Living with the Future in Mind
Goals and Indicators for New Jersey's Quality of Life
First Annual Update to the Sustainable State Project Report 2000

Indicator 29

Additional  Efficient Transportation and Land Use  Indicators

26 - Road & Bridge Repairs

27 - Vehicle Miles Traveled

28 - Workplace Transportation

Traffic Fatalities

Annual Number of reported deaths from traffic accidents involving motorist or pedestrians: Decreasing

  Things to think about 

Car accidents took nearly as many American lives last year alone as the Vietnam War did throughout a decade.

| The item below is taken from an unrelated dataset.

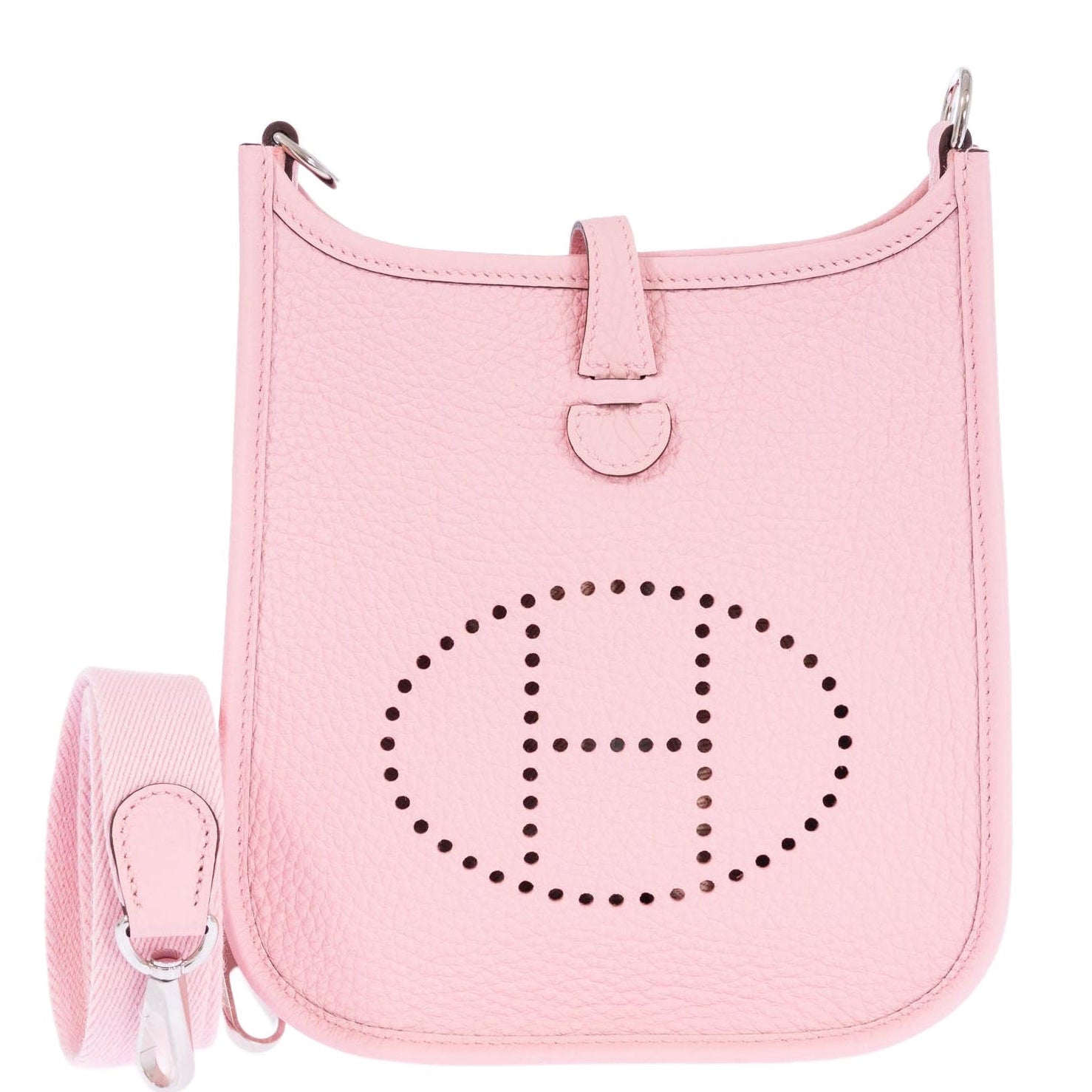 Hermès Evelyne TPM Rose Sakura Clemence Palladium Hardware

In the United States, or any country that is free of war, traffic fatalities are the largest cause of violent death.

Safe driving can save more years of life than many medical procedures, including some cancer and heart disease treatments.


Traffic fatalities are avoidable. They are also partially a byproduct of sprawling development and the long hours we spend driving. In the short term, however, we can reduce the number of accidents with such devices as traffic calming measures that slow speeds in crowded or residential neighborhoods.


New Jersey has some of the highest auto insurance rates in the nation. This is due, in part, to the amount of driving we do and the number of accidents that result. We pay also for medical service, automobile repairs, and lost productive activity. If this money went instead to education or investment in capital assets for business growth, then we would receive returns of those investments far into the future. Instead, we pay high financial and emotional prices.


There is no obvious connection between traffic fatalities and the environment.


In traffic fatalities, we lose family, friends, and colleagues. Whether an accident takes the life of one or many in a community, deaths caused by traffic accidents have serious, long-term repercussions.

Knowledge Gaps

Young people have more car accidents than any other age group does, so traffic mishaps take an especially high toll when measured in lost years of life. The indicator does not measure lost years and thus does not reveal this important distinction. In addition, at almost all ages, men are much more prone to car accidents than women are. This discrepancy also does not show up in the indicator.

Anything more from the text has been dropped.